"""
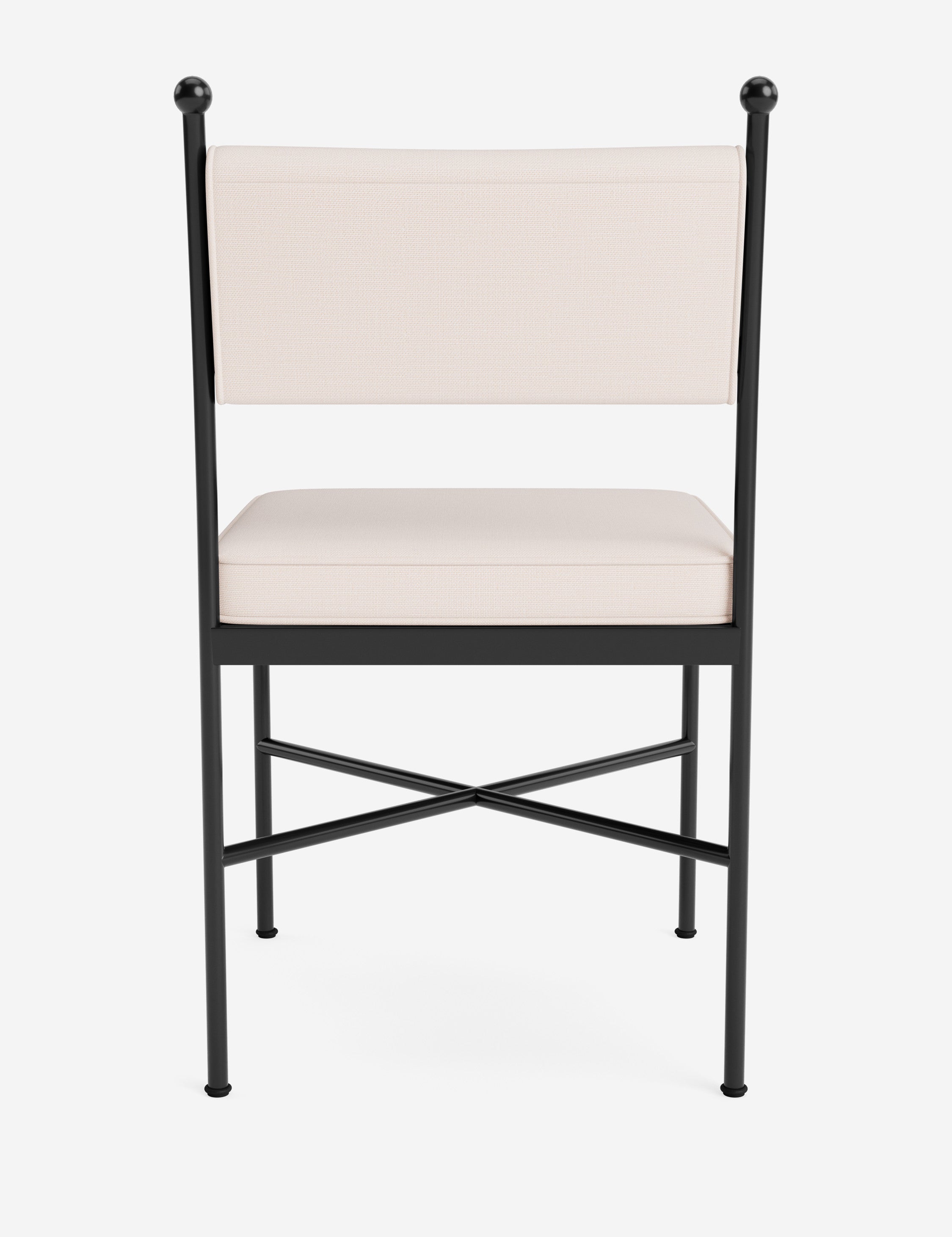 Lulu and Georgia Leni Outdoor Dining Chair Cushion - view 65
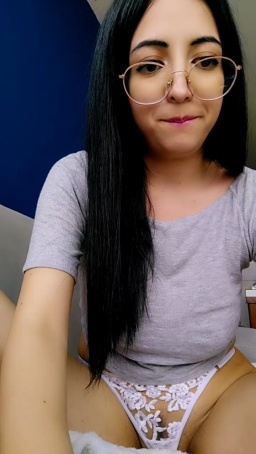 BunnysCave  08-09-2020 Recorded Webcam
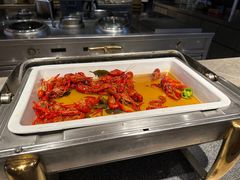 -上海虹桥宾馆味翠餐厅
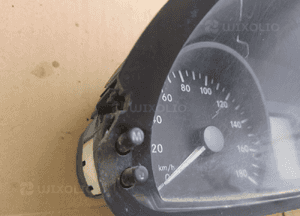 Licznik zegary mercedes sprinter 906 A9064465821 2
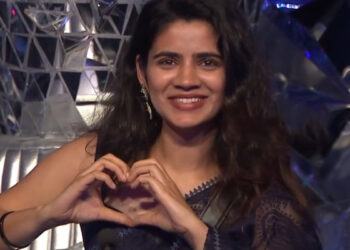 சௌந்தர்யா உருக்கமான பதிவு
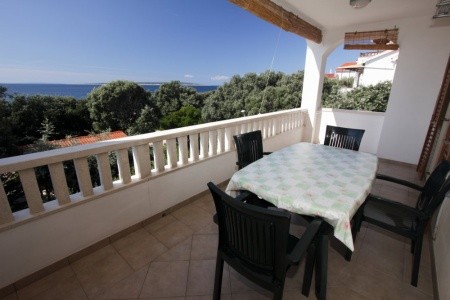 Apartmány Elia - 25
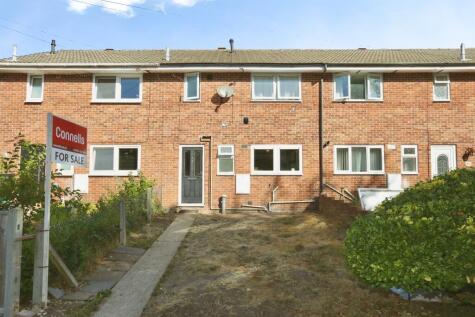 Wadhurst Gardens, Southampton
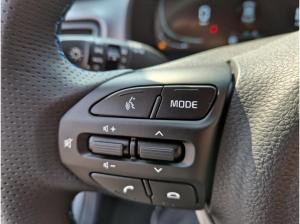 Kia Stonic 1.0T 48V DCT NIGHTLINE | AUTOMATIK | LED | NAV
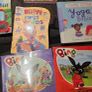 Books for toddler Image 5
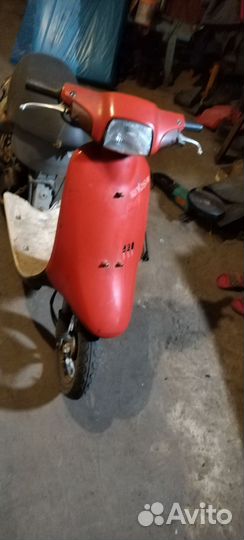 Продам скутер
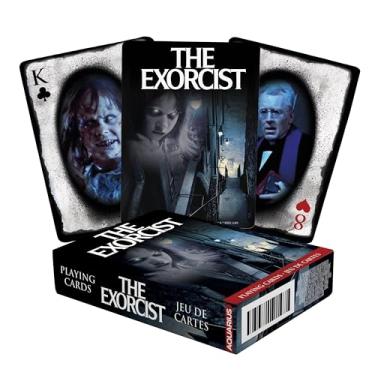 Imagem de Aquarius Exorcist Playing Cards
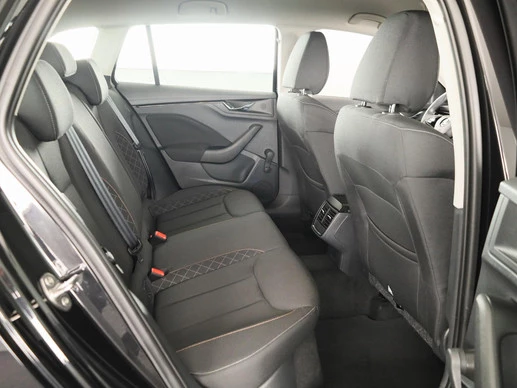 Škoda Scala - Afbeelding 20 van 27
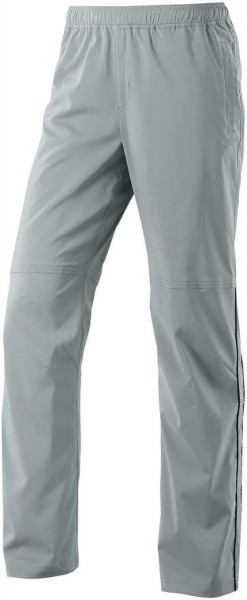 JOY HAKIM HOSE HERREN grau - Bild 1
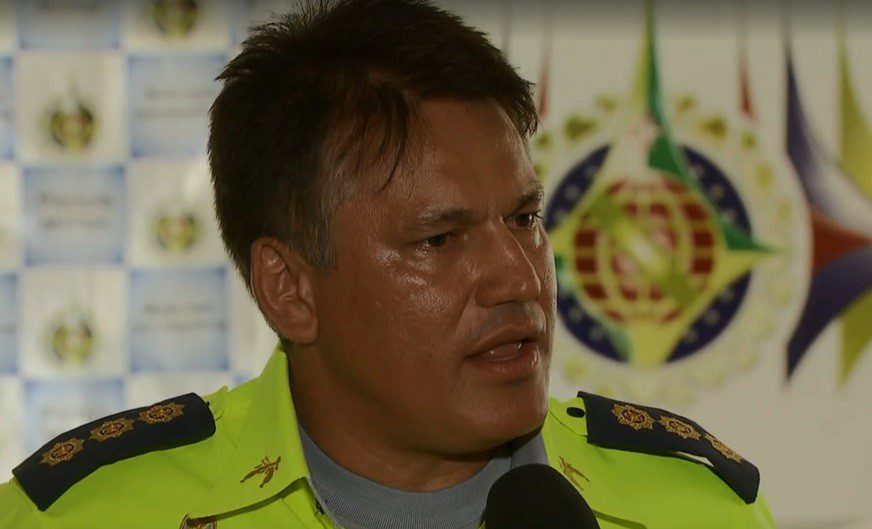 Ex-coronel da PM é condenado a 54 anos de prisão por cobrança de propina do DF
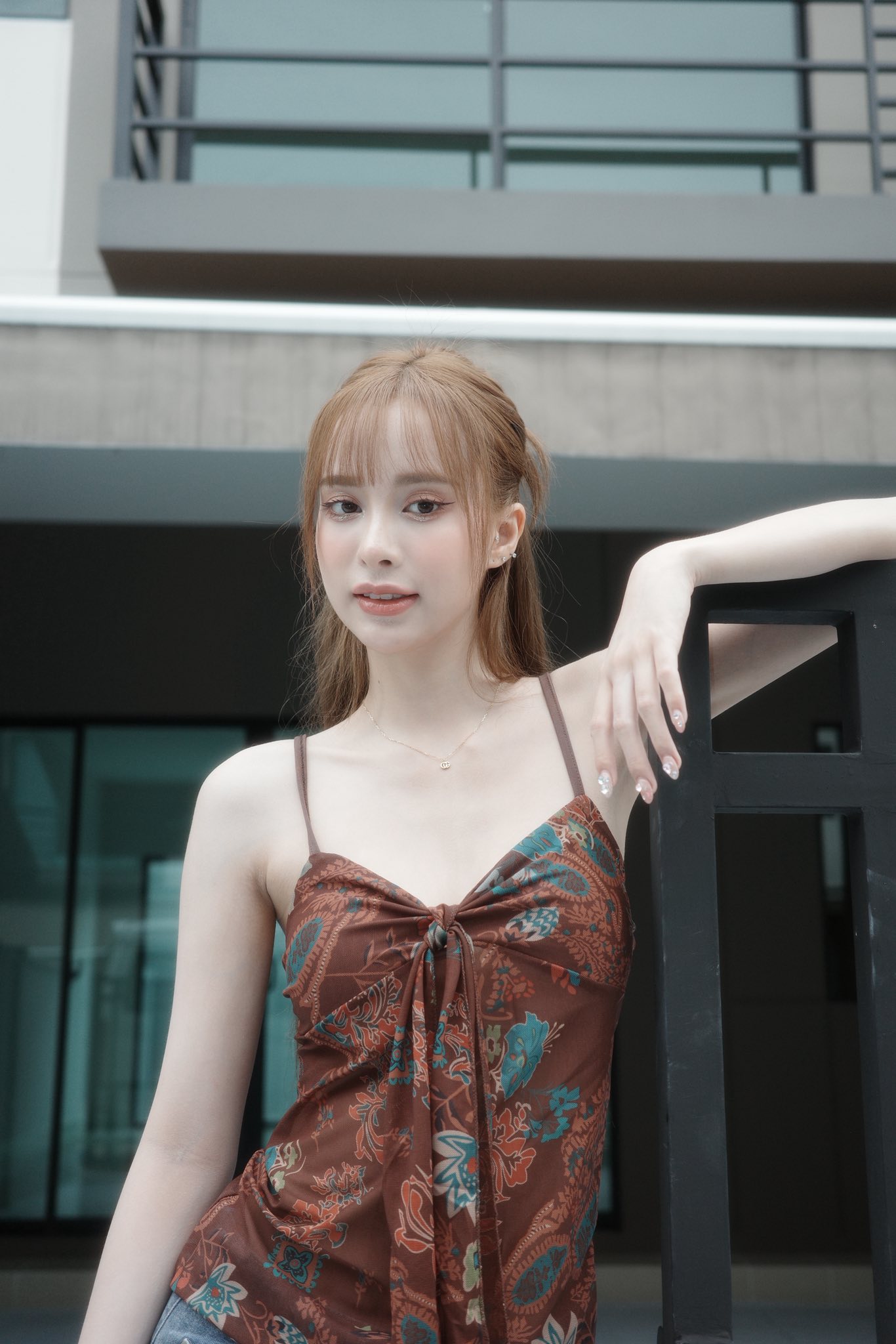เกรซ ฐิตารีย์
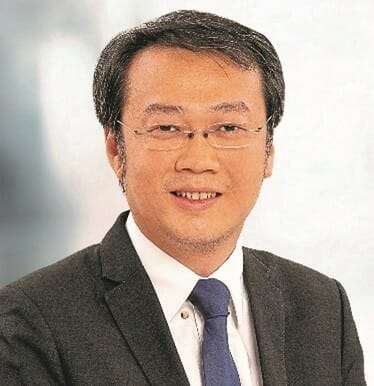 Chiun Chiek Wong (CC)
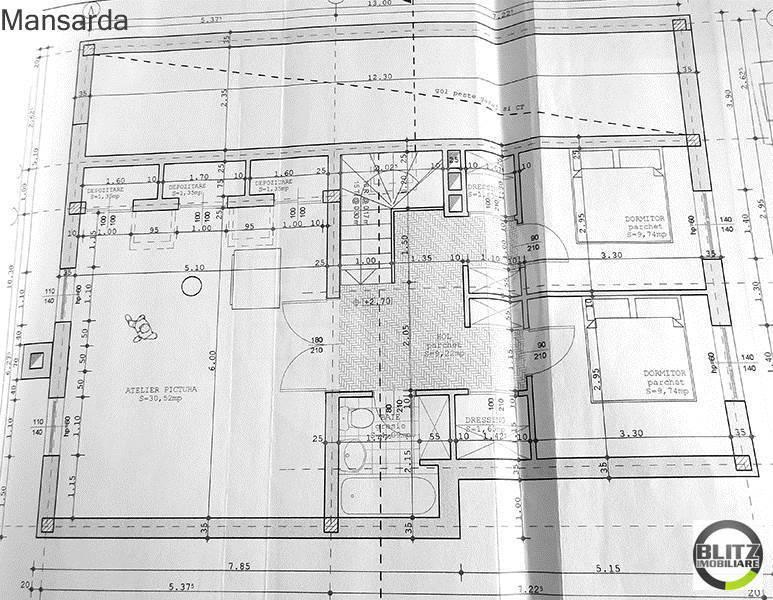 Casa de vânzare 1 camera Făget - 19215CV | BLITZ Cluj-Napoca | Poza2
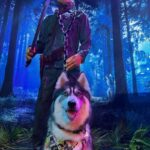 Joseph Ruby Instagram - Dog sitter
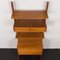 Royal Free Standing Wall Unit in Walnut by Poul Cadovius, Denmark, 1960s 7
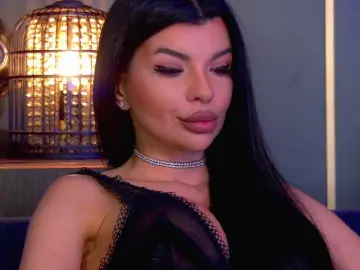 Bongacams Live Sex of EleniaDevons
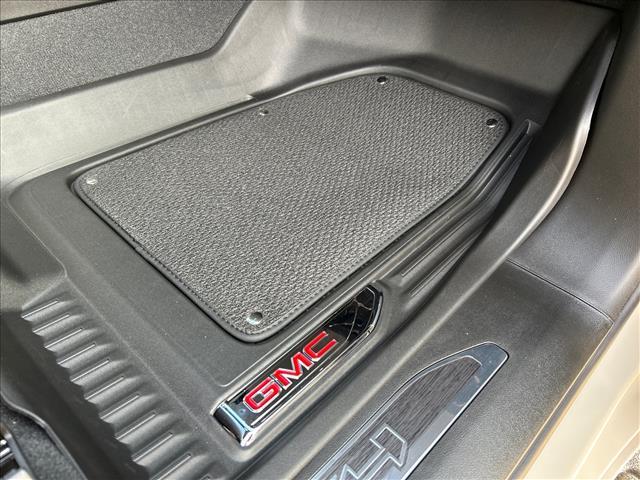 new 2026 GMC Sierra 2500 car, priced at $90,455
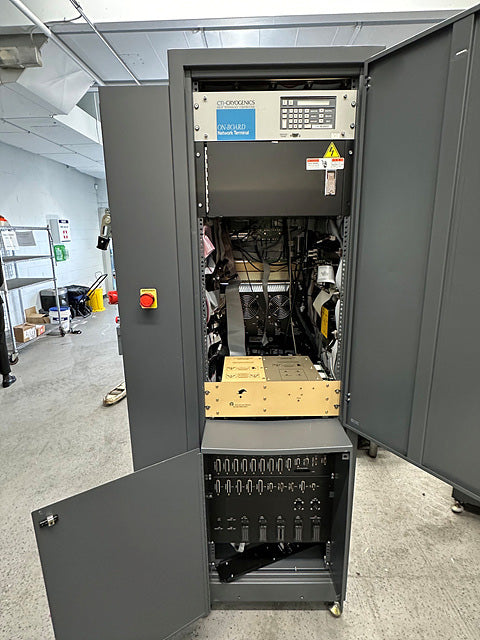 Applied Materials Endura 5500 PVD (Physical Vapor Deposition)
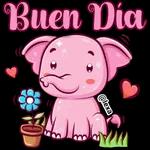 No soportó estar sin ti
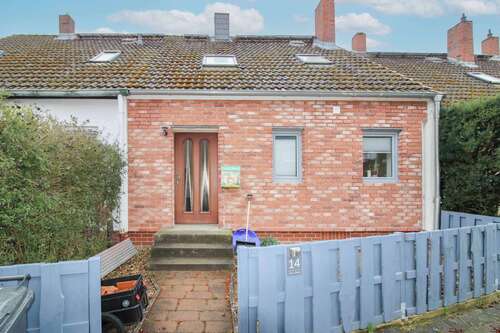 Foto - Haus zum Kaufen in Vechelde-Sierße 229.000,00 € 80 m²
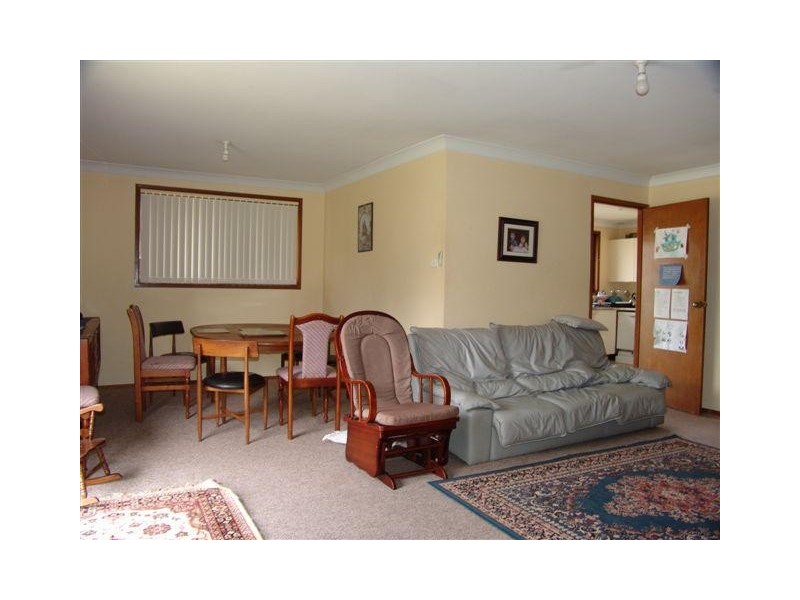 Jamisontown NSW 2750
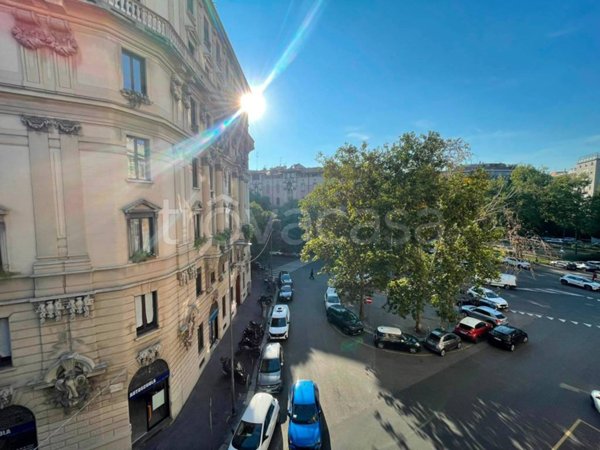 appartamento in vendita a Milano in zona Loreto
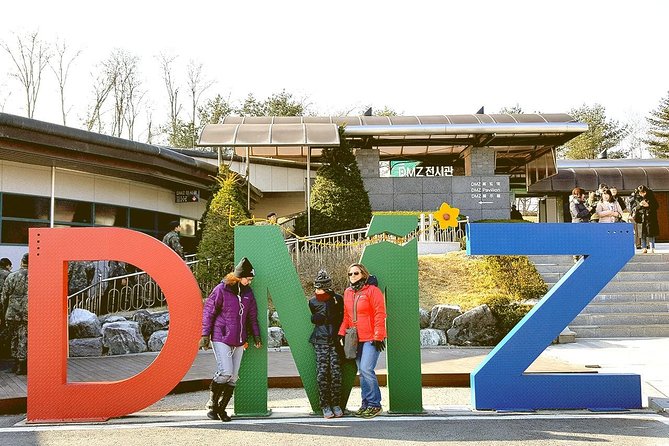 3D Private Seoul Highlight tours with DMZ & Korean Folk Village - Final call: a strong first look, with details to confirm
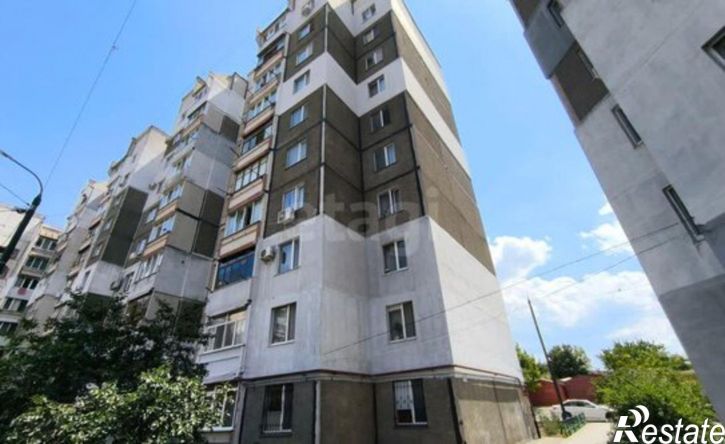 3-комн квартира Балаклавская улица, 115,  д. 115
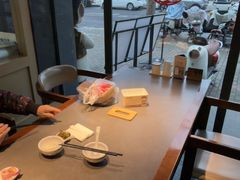 -老淮滨-蚌埠非遗小吃(淮河路店)
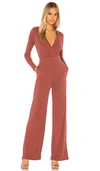 LOVERS & FRIENDS STARLIGHT JUMPSUIT,LOVF-WC126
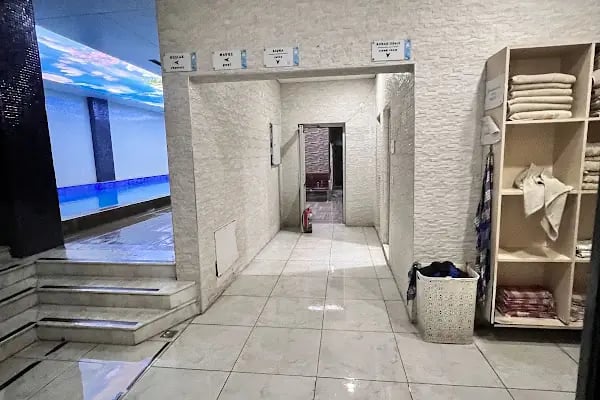 Hamam Muazzam Aliağa - Resim 16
"""
> [What this task involves] Write out exactly the lines from the line containing "Wadhurst Gardens, Southampton" through the last line of the listing above, please, and leave out any pictures.

> [Exercise output]
 Wadhurst Gardens, Southampton
 Kia Stonic 1.0T 48V DCT NIGHTLINE | AUTOMATIK | LED | NAV
 Books for toddler Image 5
 Продам скутер
 Imagem de Aquarius Exorcist Playing Cards
 Škoda Scala - Afbeelding 20 van 27
 JOY HAKIM HOSE HERREN grau - Bild 1
 Ex-coronel da PM é condenado a 54 anos de prisão por cobrança de propina do DF
เกรซ ฐิตารีย์
 Chiun Chiek Wong (CC)
 Casa de vânzare 1 camera Făget - 19215CV | BLITZ Cluj-Napoca | Poza2
 Joseph Ruby Instagram - Dog sitter
 Royal Free Standing Wall Unit in Walnut by Poul Cadovius, Denmark, 1960s 7
 Bongacams Live Sex of EleniaDevons
 new 2026 GMC Sierra 2500 car, priced at $90,455
 Applied Materials Endura 5500 PVD (Physical Vapor Deposition)
 No soportó estar sin ti
 Foto - Haus zum Kaufen in Vechelde-Sierße 229.000,00 € 80 m²
 Jamisontown NSW 2750
 appartamento in vendita a Milano in zona Loreto
 3D Private Seoul Highlight tours with DMZ & Korean Folk Village - Final call: a strong first look, with details to confirm
 3-комн квартира Балаклавская улица, 115,  д. 115
 -老淮滨-蚌埠非遗小吃(淮河路店)
 LOVERS & FRIENDS STARLIGHT JUMPSUIT,LOVF-WC126
 Hamam Muazzam Aliağa - Resim 16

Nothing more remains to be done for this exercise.